--- Exercise aim ---
Set down the final stretch of the data, from the line that holds "Depremzede çocuklar Ümraniyespor" through the last line, both included, with pictures left out.
--
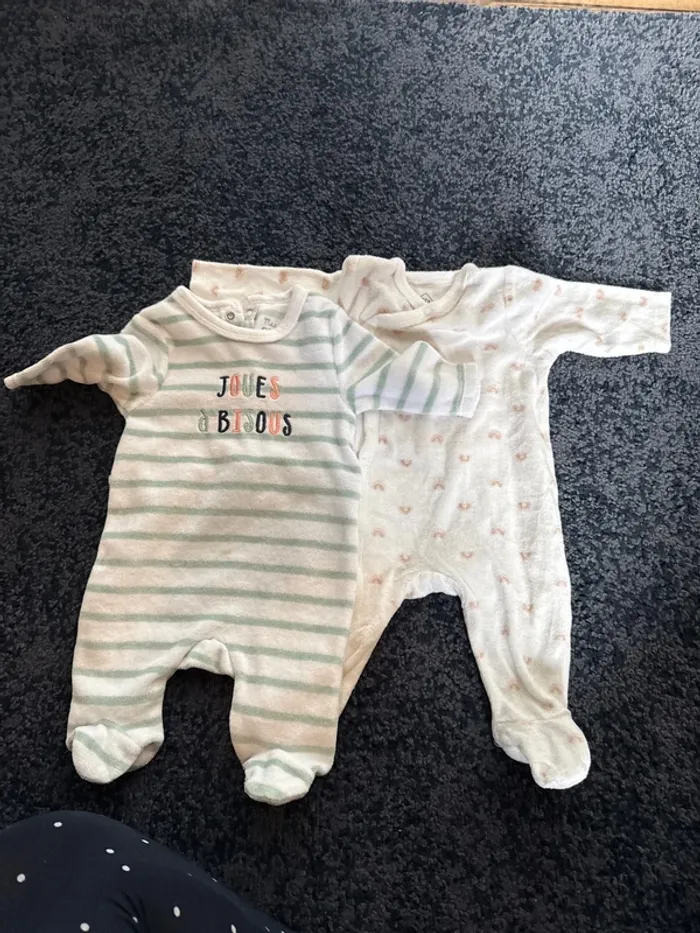 Lot pyjama tex et petit caillou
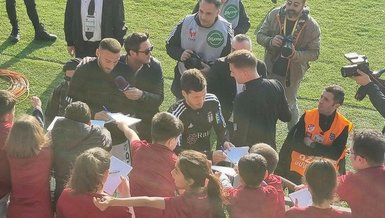 Depremzede çocuklar Ümraniyespor - Beşiktaş maçında ağırlandı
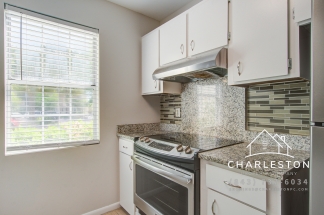 15 Townpark Ln Apt C - Available Now!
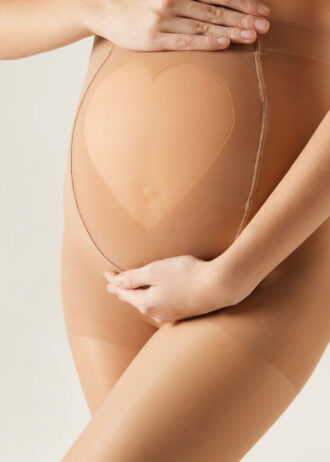 Sheer 20 denier Maternity panty met doorschijnend hart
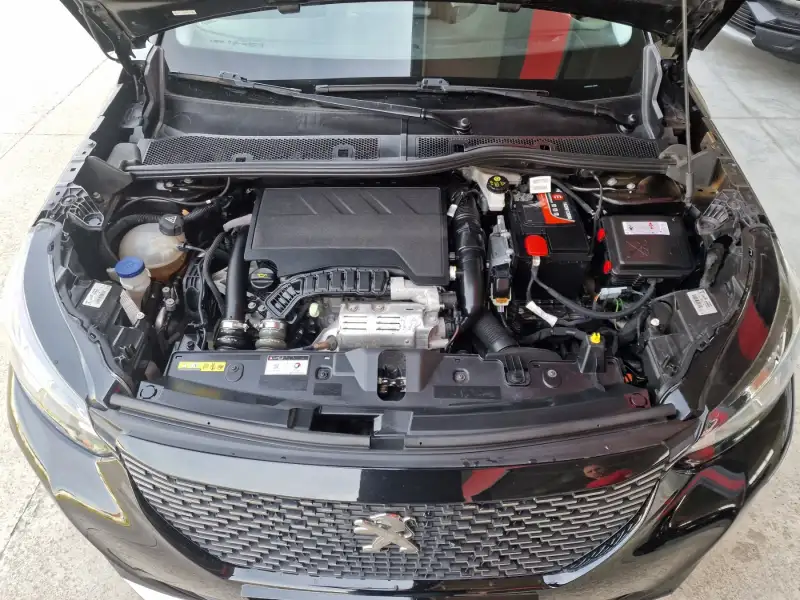 Peugeot 2008 ALLURE Benzin 2020. godište - Slika 35
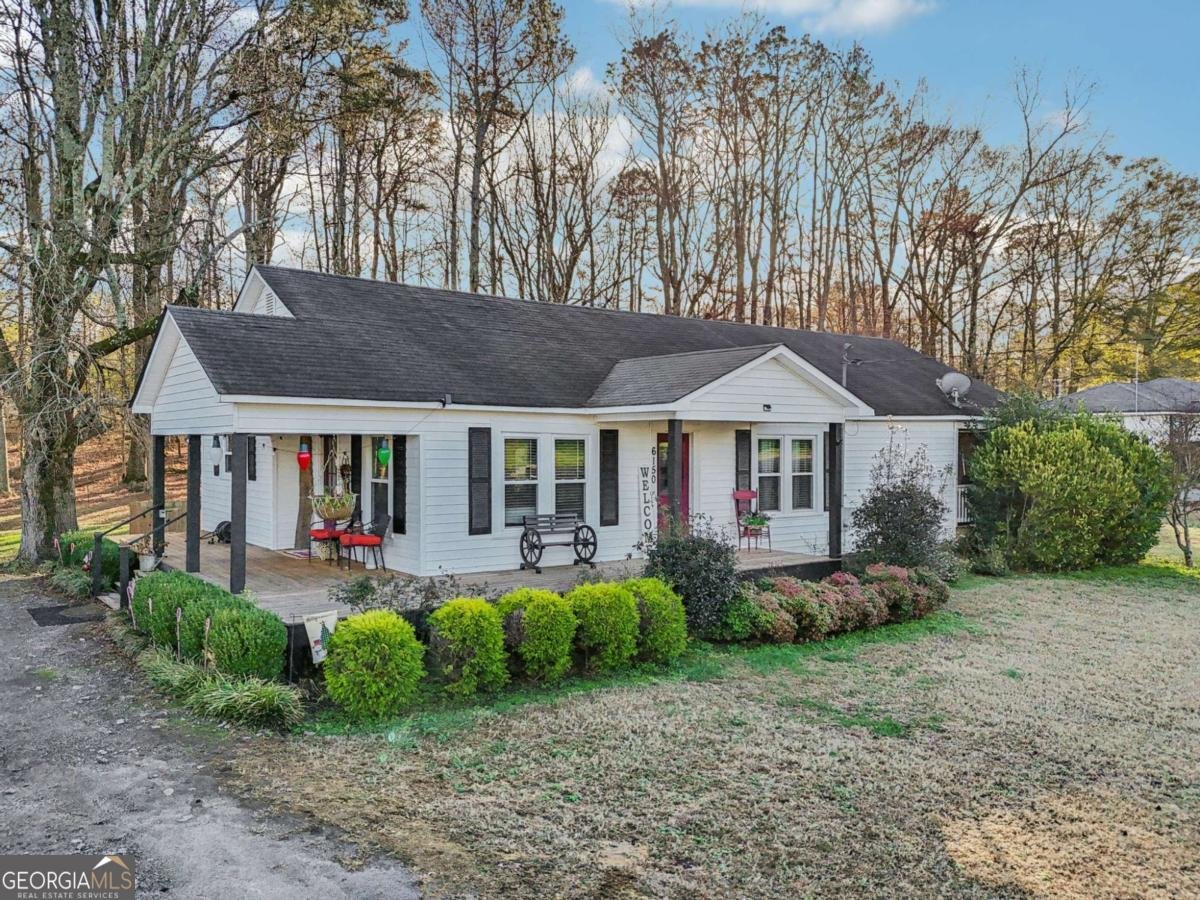 6150 Oak Grove Circle Cumming - 60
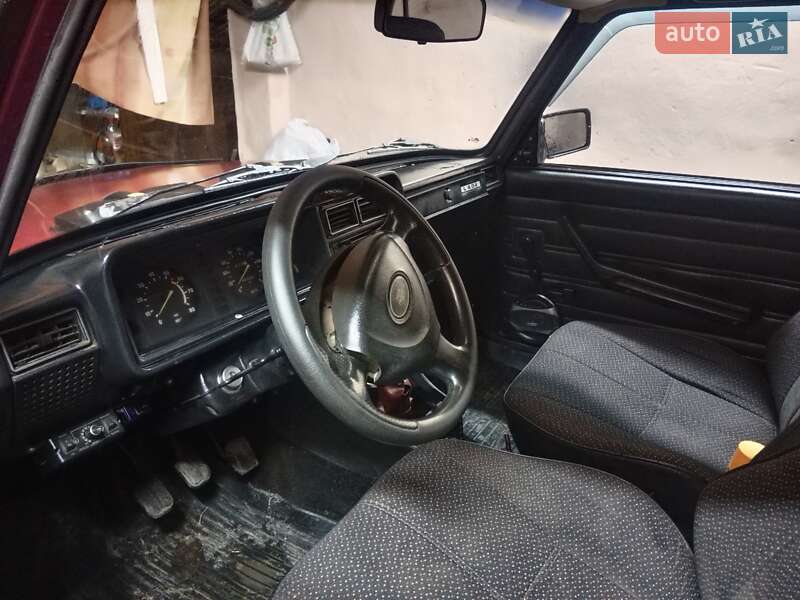 Седан ВАЗ / Lada 2107 2003 в Ромнах фото 10 Седан ВАЗ / Lada 2107 2003 в Ромнах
--
--- Task result ---
 Depremzede çocuklar Ümraniyespor - Beşiktaş maçında ağırlandı
 15 Townpark Ln Apt C - Available Now!
 Sheer 20 denier Maternity panty met doorschijnend hart
 Peugeot 2008 ALLURE Benzin 2020. godište - Slika 35
 6150 Oak Grove Circle Cumming - 60
 Седан ВАЗ / Lada 2107 2003 в Ромнах фото 10 Седан ВАЗ / Lada 2107 2003 в Ромнах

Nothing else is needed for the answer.